**Exercise inputs**
BEGIN
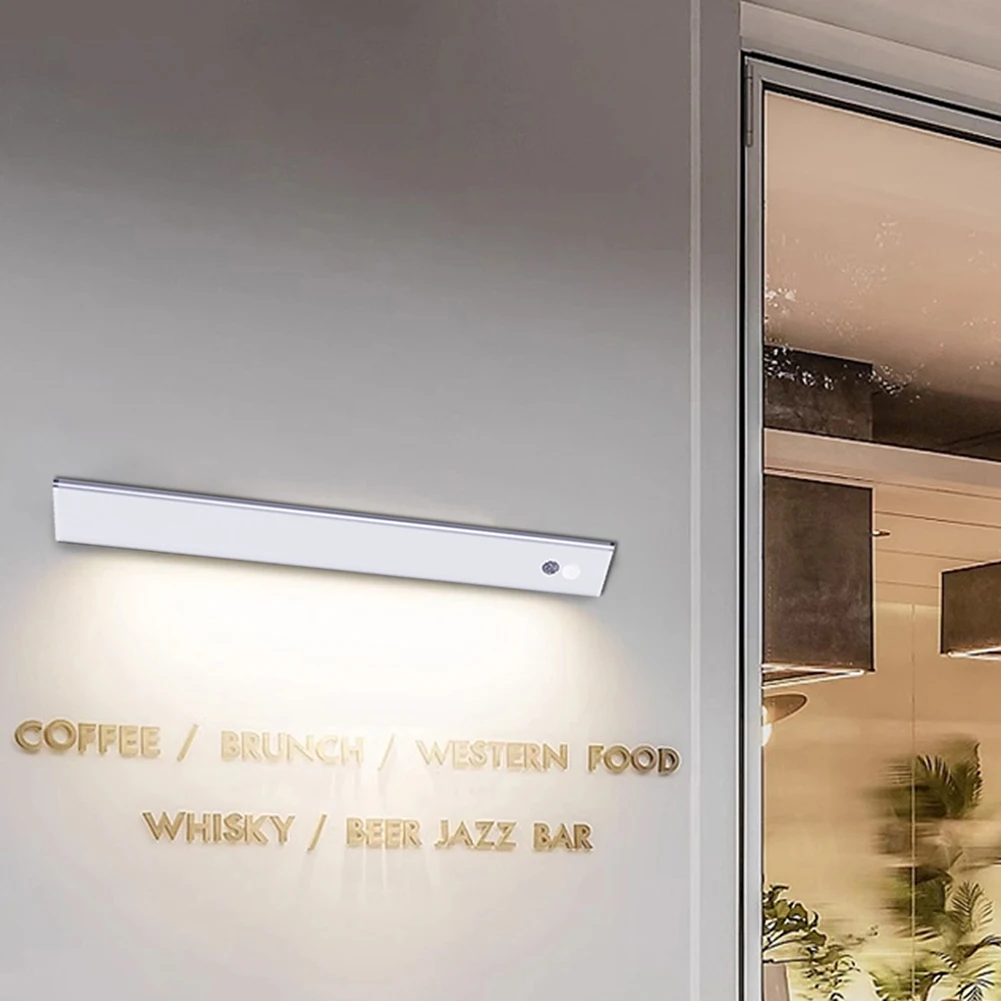 أضواء LED مرآة الغرور تعمل بالبطارية مرآة ماكياج ضوء USB شحن أضواء الخزانة اللاسلكية للحمام المنزلي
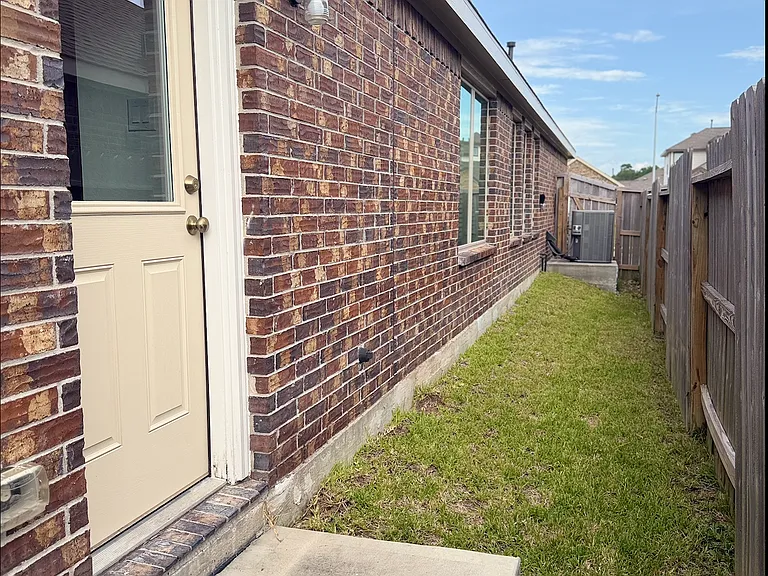 6313 Barrington Cliff Trl — Photo 15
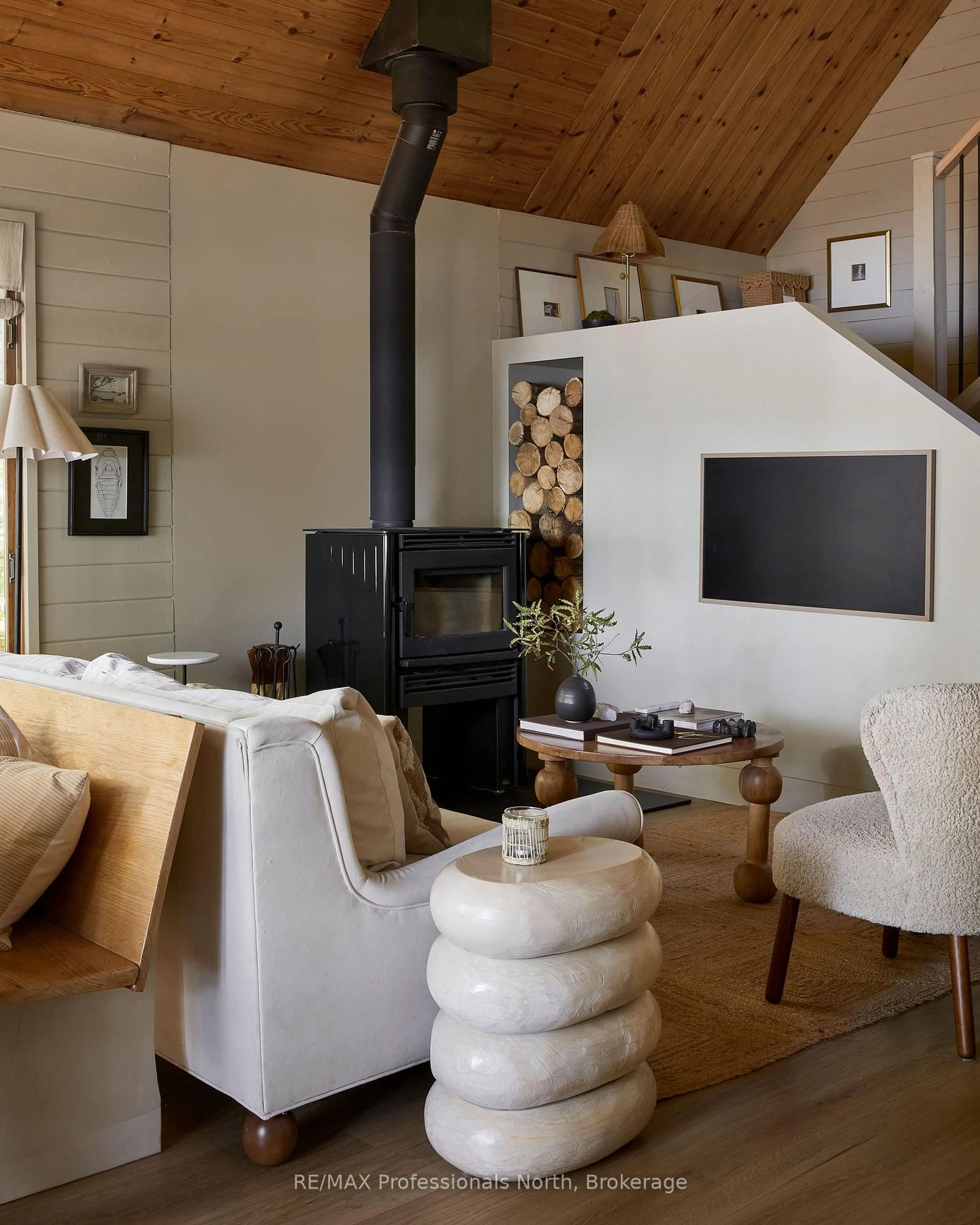 Living room with furniture, unknown for 1036 Barbara Rd, Dysart et al Ontario K0L 1M1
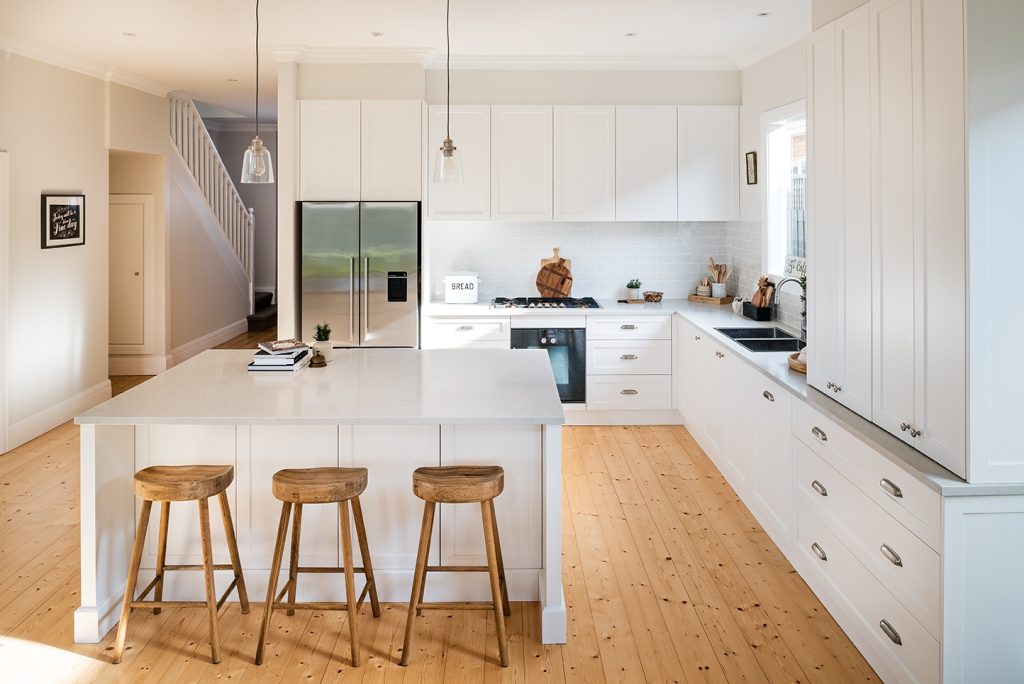 Paragon Kitchen Cabinet Doors | 154 Fifth Ave Unit 3, St Thomas, ON N5R 4E7, Canada | Phone: (519) 661-7000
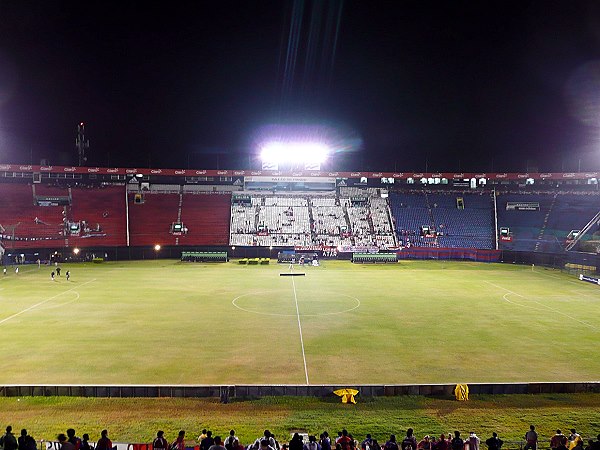Estadio ueno Defensores del Chaco - Asunción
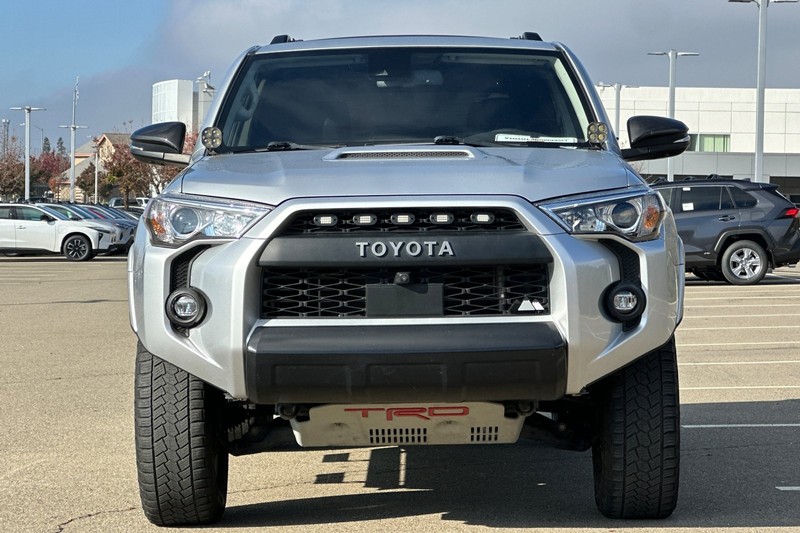 Toyota 4Runner Vehicle Full-screen Gallery Image 09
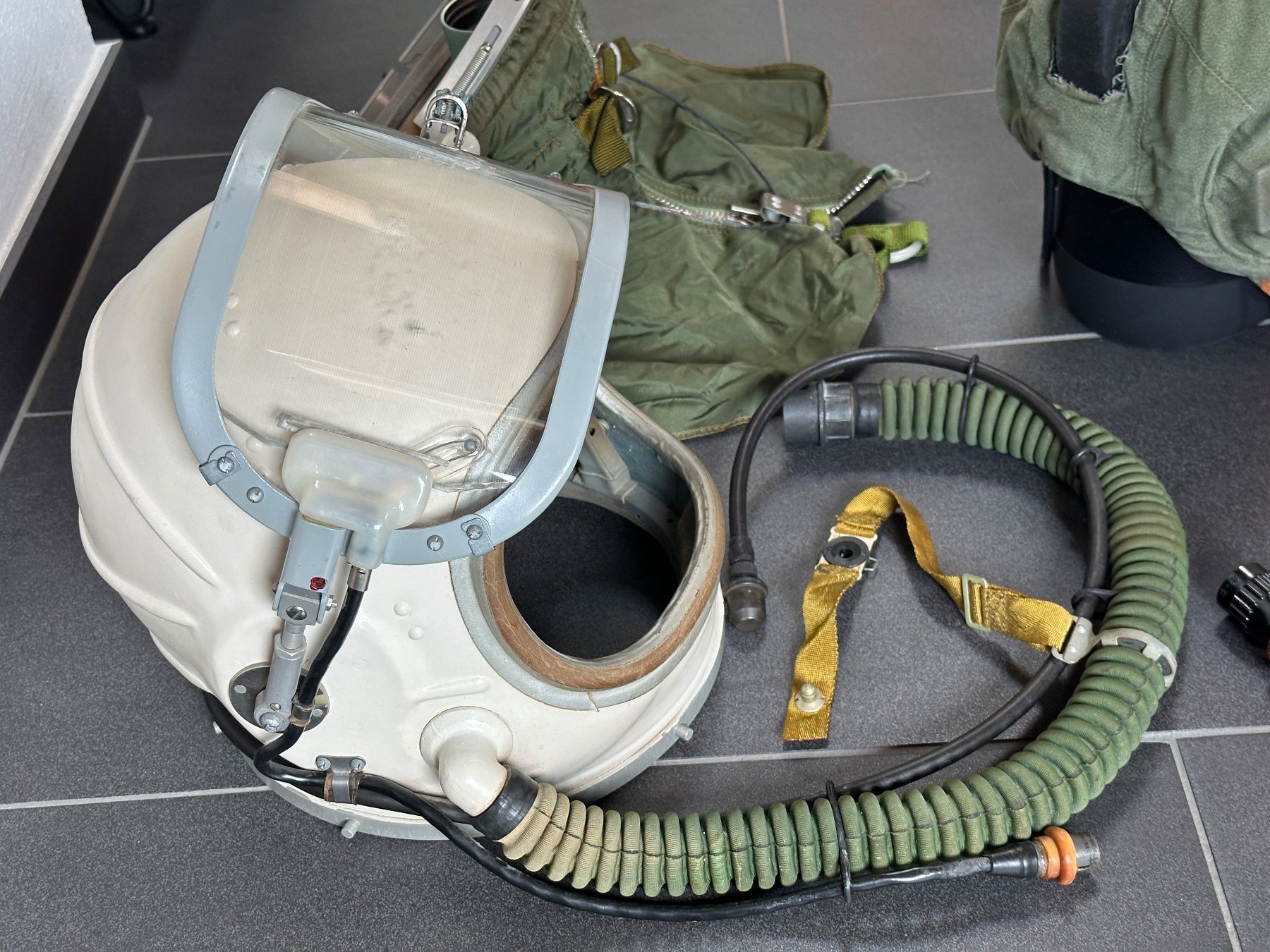 Caschi & visiere: Original Pilotenhelm GSch-6LP - MiG 29 – Usato da Wollerau venduto da sekkeishi 1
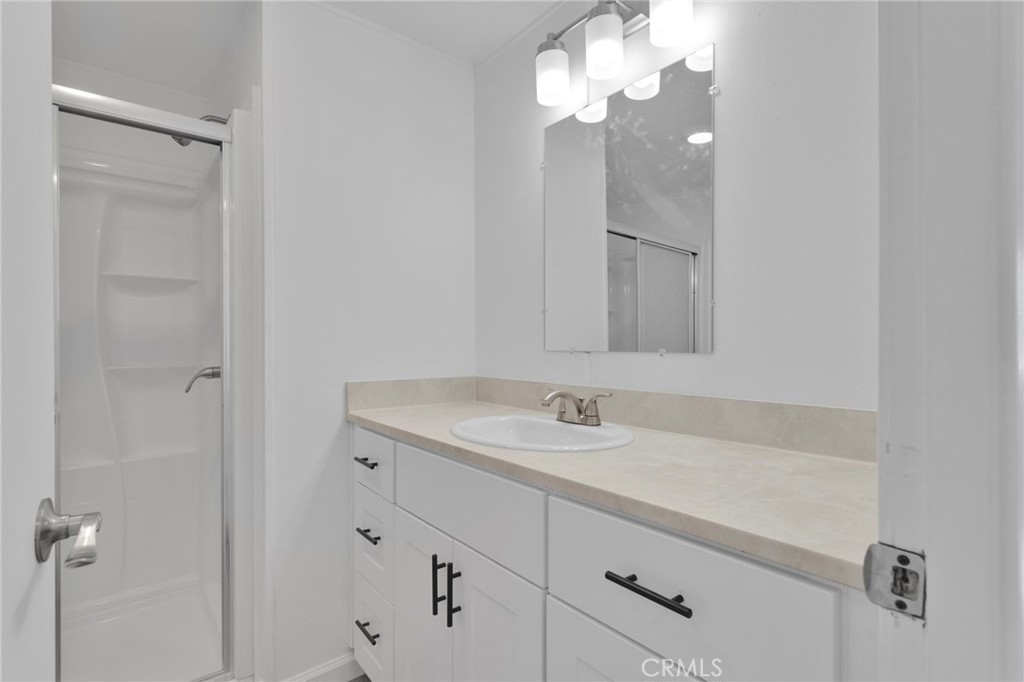 15252 Seneca Road 29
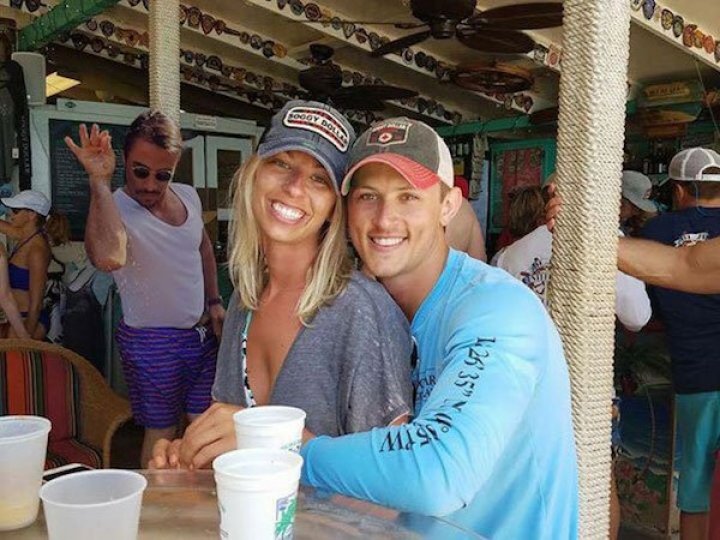 Cineva a rugat internauţii să scoată dintr-o imagine de la logodna unor prieteni un bărbat gol, însă ce a urmat i-a lăsat cu gura căscată (GALERIE FOTO)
END
**What the task asks**
The answer should consist only of the lines above from the one with "6313 Barrington Cliff Trl — Photo 15" through the one with "Toyota 4Runner Vehicle", repeated exactly, with no pictures among them.

**Solution for this problem**
 6313 Barrington Cliff Trl — Photo 15
 Living room with furniture, unknown for 1036 Barbara Rd, Dysart et al Ontario K0L 1M1
 Paragon Kitchen Cabinet Doors | 154 Fifth Ave Unit 3, St Thomas, ON N5R 4E7, Canada | Phone: (519) 661-7000
Estadio ueno Defensores del Chaco - Asunción
 Toyota 4Runner Vehicle Full-screen Gallery Image 09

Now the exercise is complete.